◆ **PROMPT**:
In the records below, locate the line containing "Welcome to the Management", then extract it and all following lines exactly, ending with the last line.

◆ **RECORDED INFORMATION**:
=== Section Start ===

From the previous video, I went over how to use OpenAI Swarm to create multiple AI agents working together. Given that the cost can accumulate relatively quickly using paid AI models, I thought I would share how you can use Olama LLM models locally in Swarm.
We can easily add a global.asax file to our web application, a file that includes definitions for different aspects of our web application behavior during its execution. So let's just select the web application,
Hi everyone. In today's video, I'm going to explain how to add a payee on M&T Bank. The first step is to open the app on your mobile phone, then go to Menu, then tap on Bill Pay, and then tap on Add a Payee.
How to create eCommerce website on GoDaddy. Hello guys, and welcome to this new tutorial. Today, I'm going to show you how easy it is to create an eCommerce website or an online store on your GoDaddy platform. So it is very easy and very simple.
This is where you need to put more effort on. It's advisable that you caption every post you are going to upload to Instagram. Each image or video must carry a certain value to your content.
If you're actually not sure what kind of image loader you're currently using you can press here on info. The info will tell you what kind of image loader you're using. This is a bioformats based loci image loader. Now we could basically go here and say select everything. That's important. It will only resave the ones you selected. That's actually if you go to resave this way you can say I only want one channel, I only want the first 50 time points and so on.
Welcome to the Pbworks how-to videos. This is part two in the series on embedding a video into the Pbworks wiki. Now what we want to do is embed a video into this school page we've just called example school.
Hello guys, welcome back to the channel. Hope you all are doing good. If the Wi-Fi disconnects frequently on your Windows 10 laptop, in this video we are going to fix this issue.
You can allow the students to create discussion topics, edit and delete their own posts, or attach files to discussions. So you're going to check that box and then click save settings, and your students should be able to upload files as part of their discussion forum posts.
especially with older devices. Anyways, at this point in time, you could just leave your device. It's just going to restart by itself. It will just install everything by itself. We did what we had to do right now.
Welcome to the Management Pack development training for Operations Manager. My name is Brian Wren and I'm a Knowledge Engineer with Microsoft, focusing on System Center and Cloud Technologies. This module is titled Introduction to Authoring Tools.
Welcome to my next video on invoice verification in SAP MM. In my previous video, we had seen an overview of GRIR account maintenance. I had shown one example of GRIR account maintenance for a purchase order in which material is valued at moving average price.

=== Section End ===

◆ **ANSWER BOX**:
Welcome to the Management Pack development training for Operations Manager. My name is Brian Wren and I'm a Knowledge Engineer with Microsoft, focusing on System Center and Cloud Technologies. This module is titled Introduction to Authoring Tools.
Welcome to my next video on invoice verification in SAP MM. In my previous video, we had seen an overview of GRIR account maintenance. I had shown one example of GRIR account maintenance for a purchase order in which material is valued at moving average price.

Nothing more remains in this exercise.